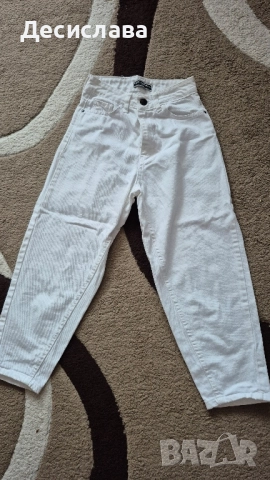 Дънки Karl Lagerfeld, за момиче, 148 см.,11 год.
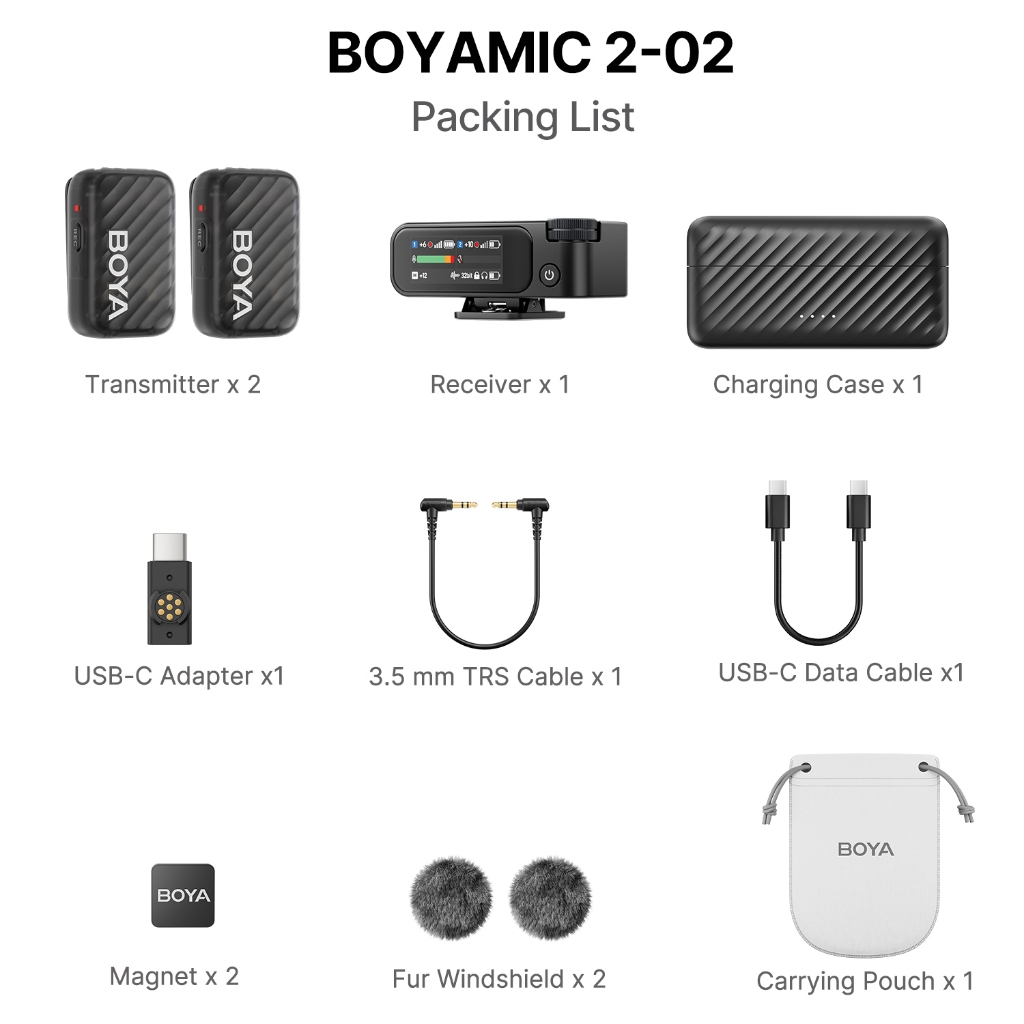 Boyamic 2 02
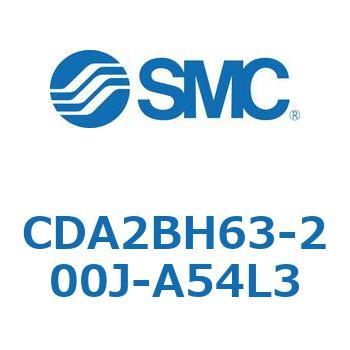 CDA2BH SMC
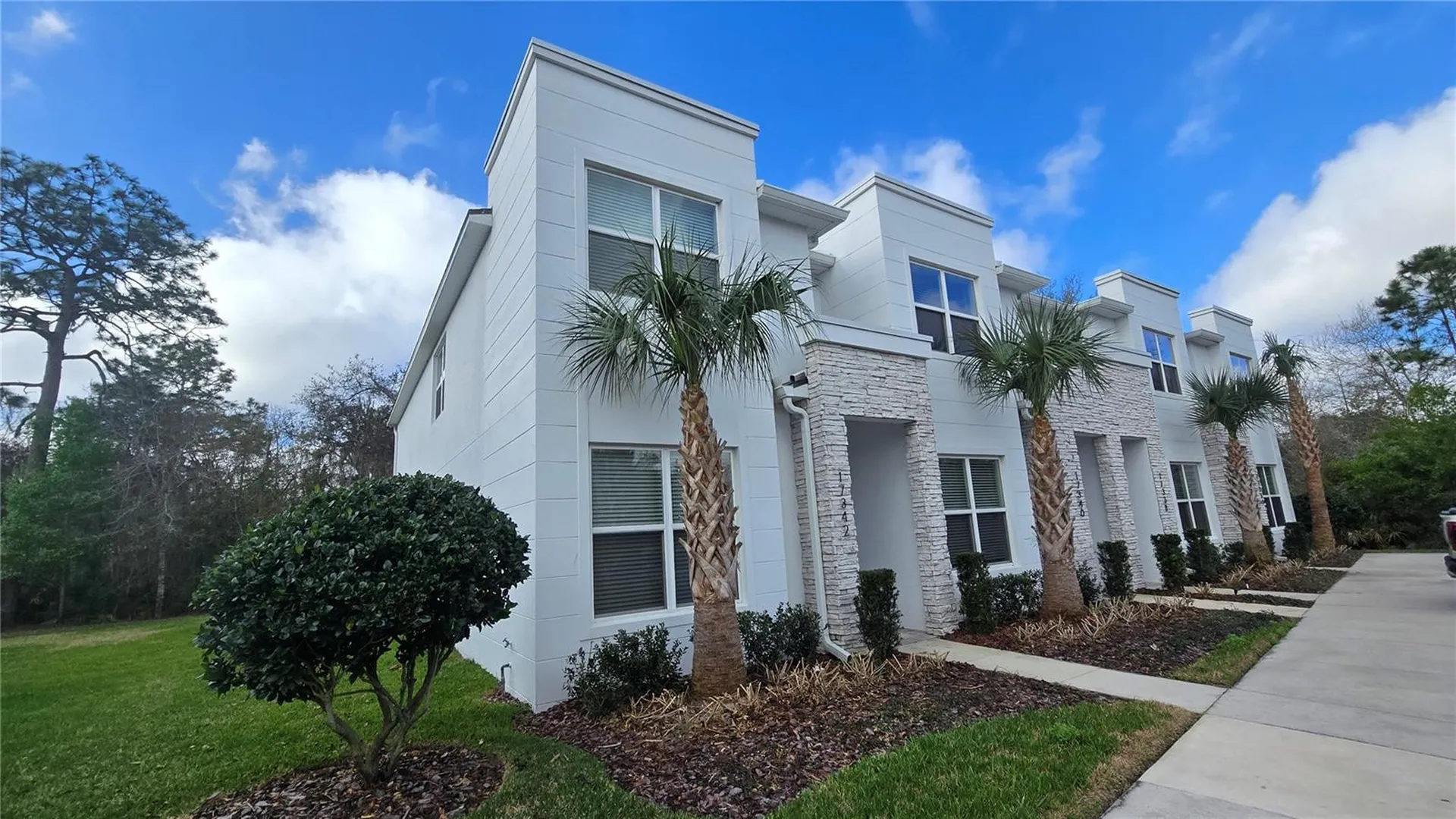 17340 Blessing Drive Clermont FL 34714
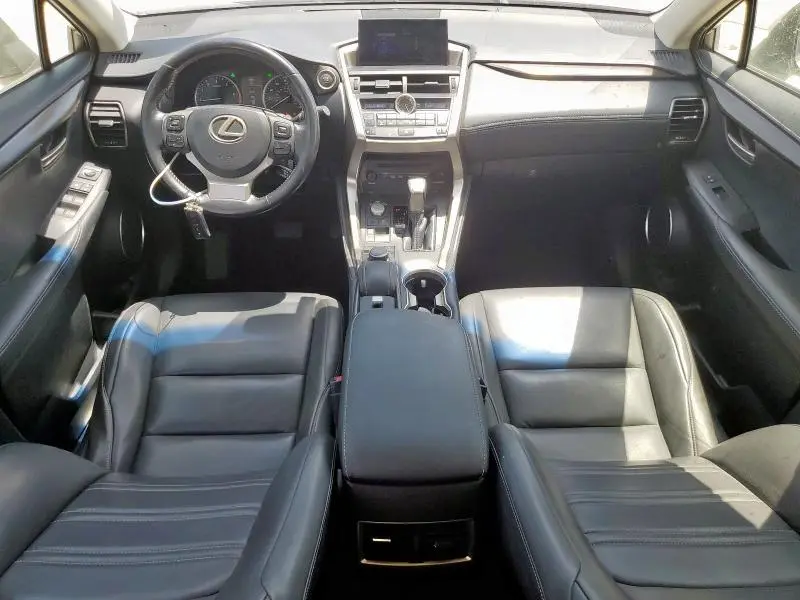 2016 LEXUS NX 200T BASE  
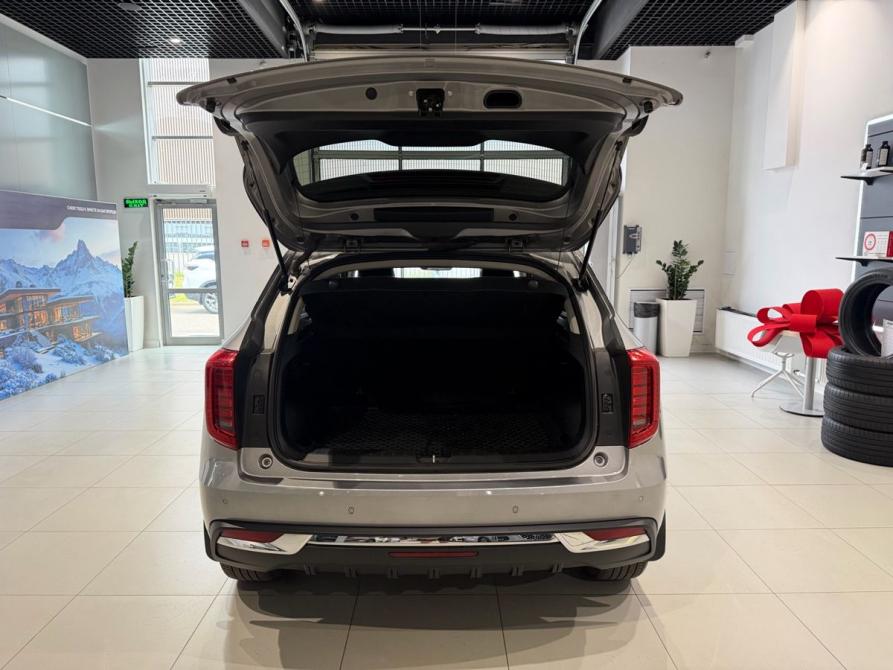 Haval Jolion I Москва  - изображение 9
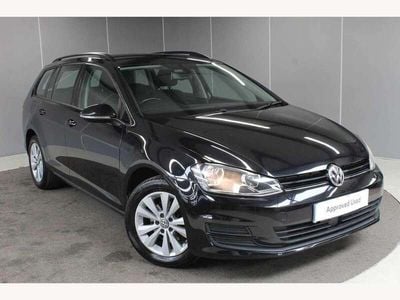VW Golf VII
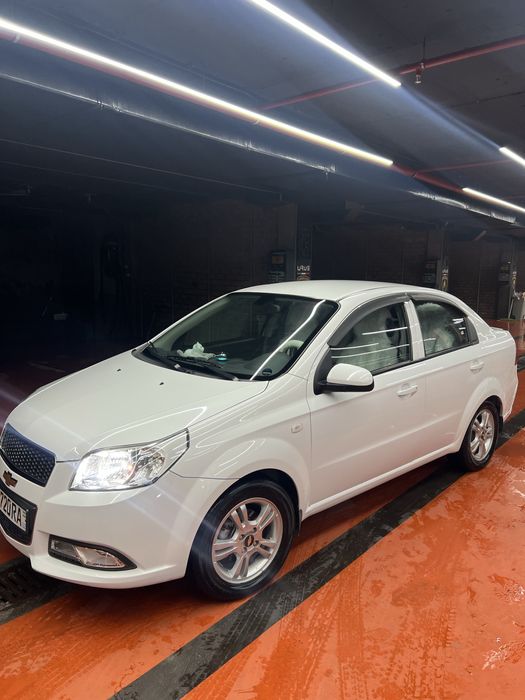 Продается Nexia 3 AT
┄┄┄┄┄┄
* What is expected
In the copy, include exactly the lines from the one with "2016 LEXUS NX 200T BASE" through the final line of the data, both ends included, and no pictures.

* Answer to this problem
 2016 LEXUS NX 200T BASE  
 Haval Jolion I Москва  - изображение 9
VW Golf VII
 Продается Nexia 3 AT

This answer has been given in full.